De P.C. Hooft-prijs 1953 voor het werk ‘De doopvont en Studiën in volksstructuur’ van van F. Bordewijk is toegekend op voordracht van een jury bestaande uit Antoon Coolen, J. Haantjes, Alfred Kossmann, Elisabeth du Perron-de Roos, Adriaan van der Veen (voorzitter) en H.J. Michaël (ambtelijk secretaris). Aan de P.C. Hooft-prijs is een bedrag verbonden van 2.500 gulden.

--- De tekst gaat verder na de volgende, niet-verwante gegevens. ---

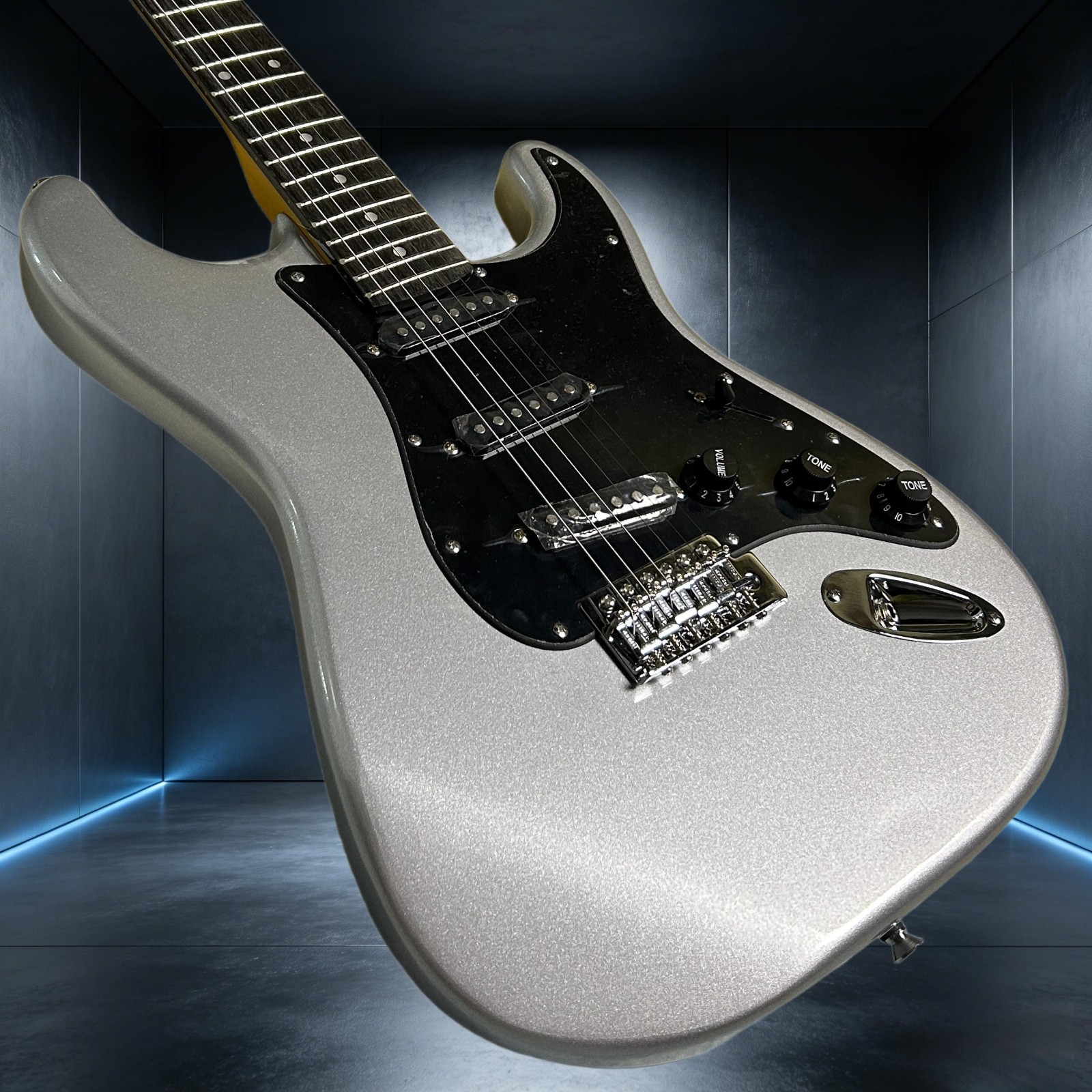 ST Electric Guitar Silver White Color Rosewood Fretboard 22 Frets Mahogany Body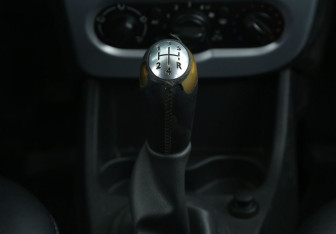 Подержанный автомобиль Renault Logan Sedan 2013 года (15 фото)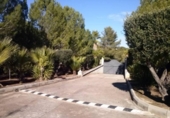 Xalet independent amb terreny en venda a la España, Navarrés, ref.: TR145915 foto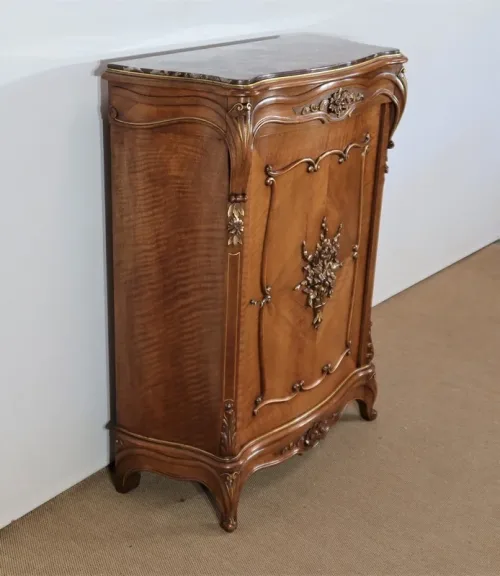 KAST IN ROCAILLE-STIJL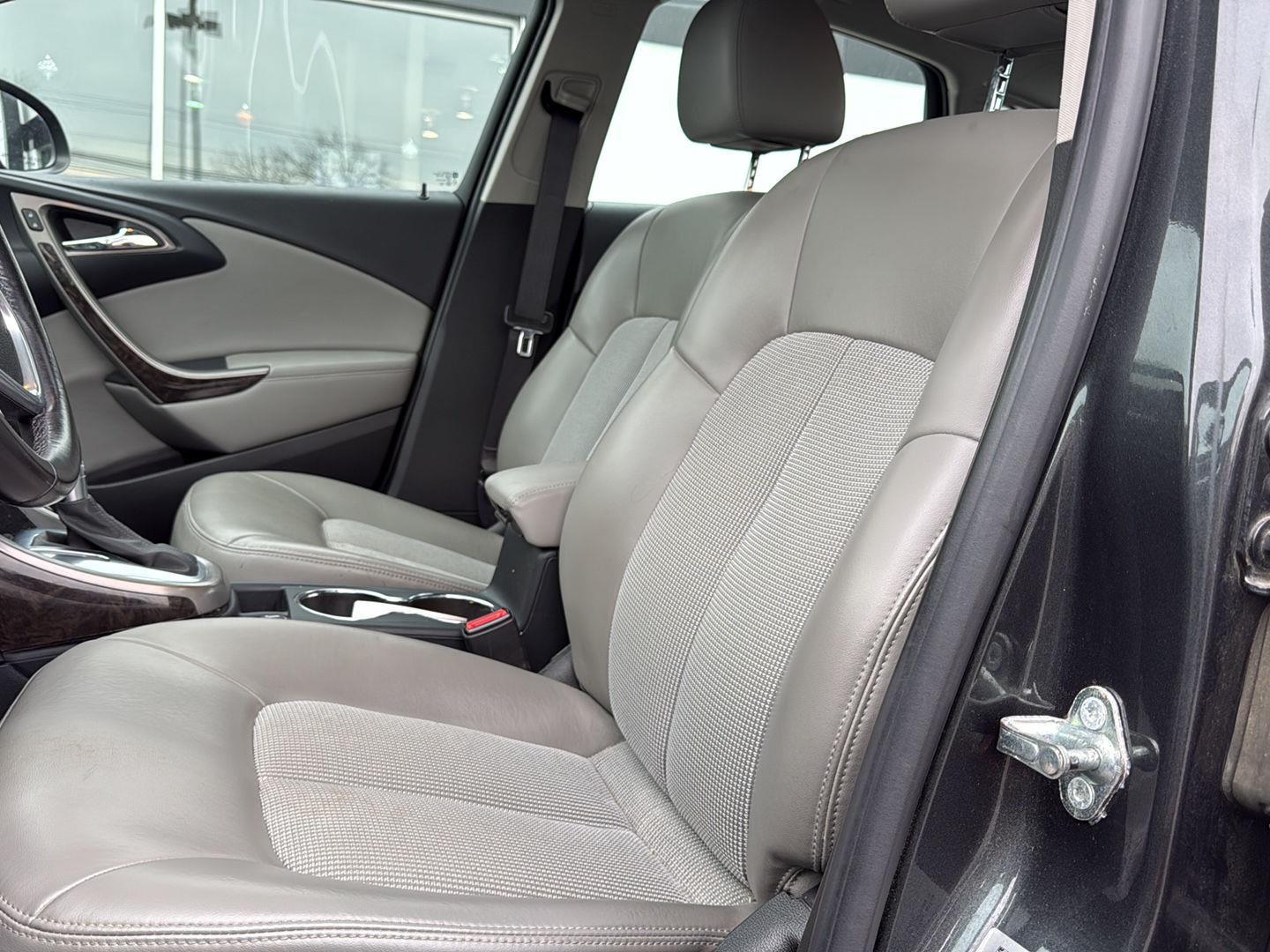 2016 Buick Verano Sport Touring photo 3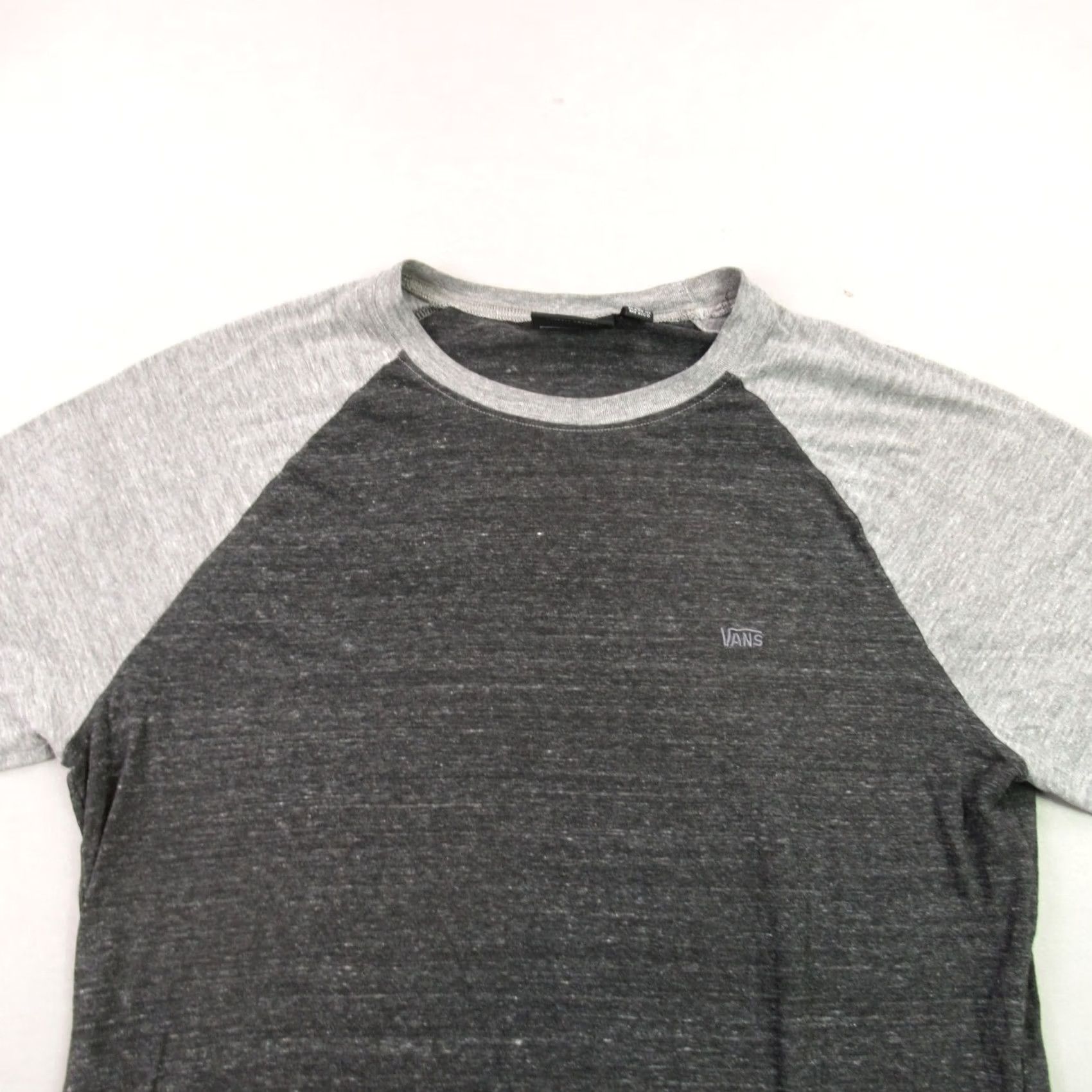 Vans Vans Shirt Mens Large Long Sleeve Crew Neck Lightweight Pullover Gray Size US L / EU 52-54 / 3 - 3 Thumbnail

Ferdinand (F.) Bordewijk (Amsterdam, 10 oktober 1884 – Den Haag, 28 april 1965), groeide op aan het Singel in een monumentaal huis dat in het verhaal Keizerrijk beschreven wordt. Zijn vader was referendaris bij het departement van Waterstaat. In 1894 verhuisde het gezin naar Den Haag. Bordewijk studeerde rechten in Leiden. Hij promoveerde en werd later advocaat en docent handelsrecht. In 1916 debuteerde hij met een dichtbundel die weinig weerklank vond. Meer erkenning kreeg hij met de kleine romans Blokken (1931), Knorrende Beesten (1933) en Bint (1934). En later met de roman Karakter (1938). In 1919 vestigde hij zich als zelfstandig advocaat in Schiedam. Toen liet hij bij beschikking van de arrondissementsrechtbank van Den Haag vijf van de zes voornamen vervallen die hij bij zijn geboorte kreeg. Alleen Ferdinand bleef over. In 1945 werd Bordewijk voorzitter van de Ereraad voor letterkunde, het zuiveringscollege dat bevoegd was collaborerende schrijvers voor bepaalde tijd een publicatieverbod op te leggen. Van 1947 tot 1952 was hij voorzitter van de Jan Campert-stichting. Hij trouwde in 1916 met de componiste Johanna Roepman en kreeg twee kinderen met haar.
Voor zijn gehele oeuvre kreeg hij in 1957 de Constantijn Huygens-prijs. Ook werd hij koninklijk onderscheiden.